Pelas estimativas, cada ponto percentual de reajuste geral para servidores gera gastos entre R$ 3 bilhões e R$ 4 bilhões. E esse efeito é permanente, exigindo cortes em outras áreas do Orçamento. A pedido de Bolsonaro, o Congresso aprovou uma reserva de R$ 1,9 bilhão para atender reajustes em 2022.
O presidente já indicou que quer usar o dinheiro para aumentar os vencimentos de integrantes da Polícia Federal e da Polícia Rodoviária Federal, de agentes penitenciários e servidores do Ministério da Justiça.
No último fim de semana, o próprio Bolsonaro mudou de tom e disse que “não está garantido reajuste para ninguém”:
— Primeiramente, não está garantido reajuste para ninguém. Tem uma reserva de R$ 2 bilhões que você pode usar, poderia ser usado para PF, PRF, e também para o pessoal do sistema prisional, mas não está nada garantido no tocante a isso aí.
O aceno a policiais gerou reação das demais categorias de servidores, que cobram tratamento semelhante. Chefes da Receita Federal entregaram cargos e auditores fiscais estão fazendo paralisações.
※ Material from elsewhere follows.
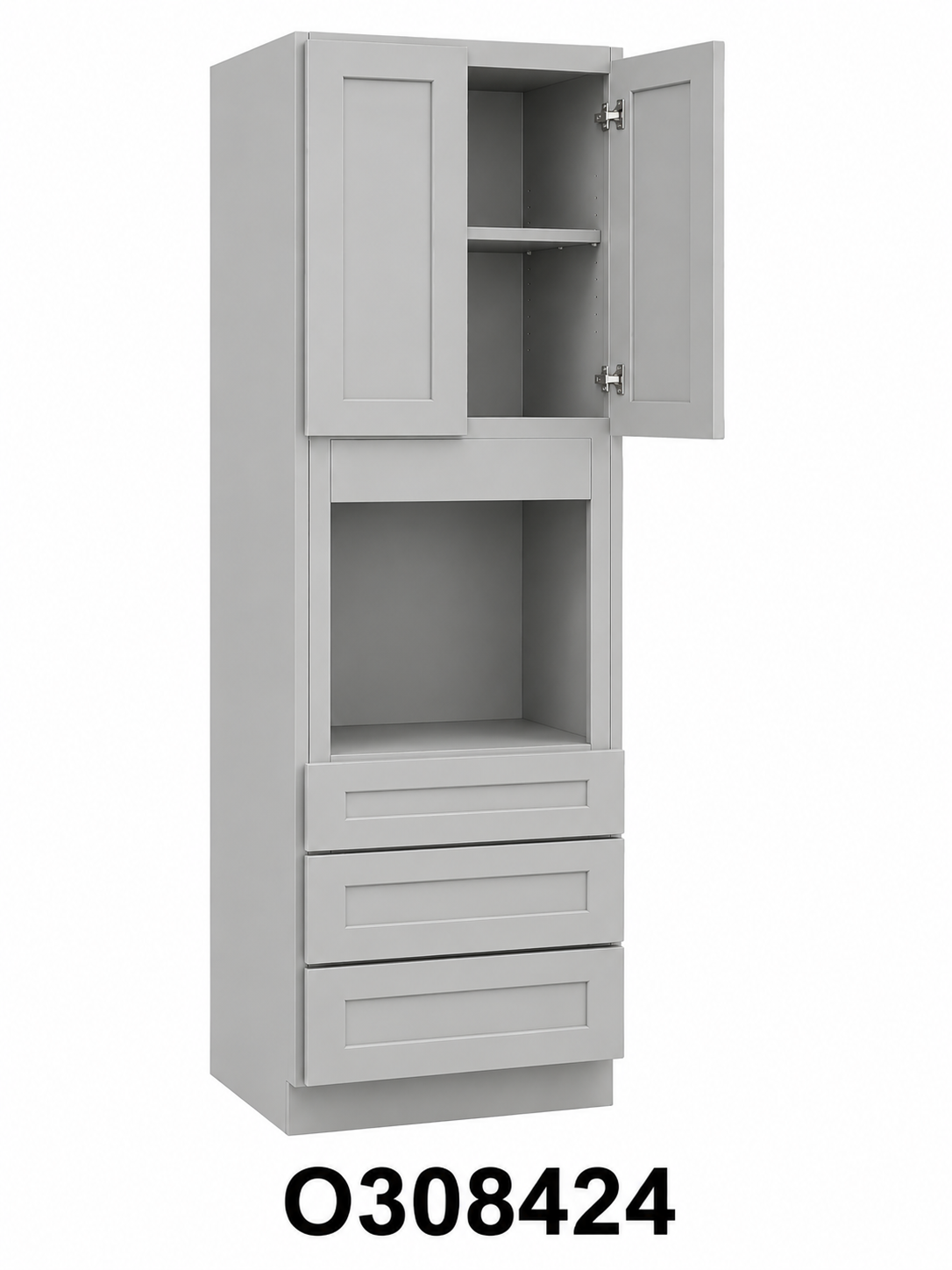 O308424 Launch Collection Shaker Oven Cabinet | 30"W x 84"H x 24"D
Funcionários do Banco Central também pediram aumento, além de outras categorias.
Nos bastidores, o ministro da Economia, Paulo Guedes, alertou o presidente Jair Bolsonaro de que conceder o reajuste apenas para uma categoria vai aumentar a pressão. E recomendou que o melhor é não aumentar os salários de ninguém.
Na avaliação de Guedes e sua equipe, segundo fontes, conceder reajuste apenas para policiais vai ter um efeito “explosivo”, porque no dia seguinte “todo mundo” vai querer.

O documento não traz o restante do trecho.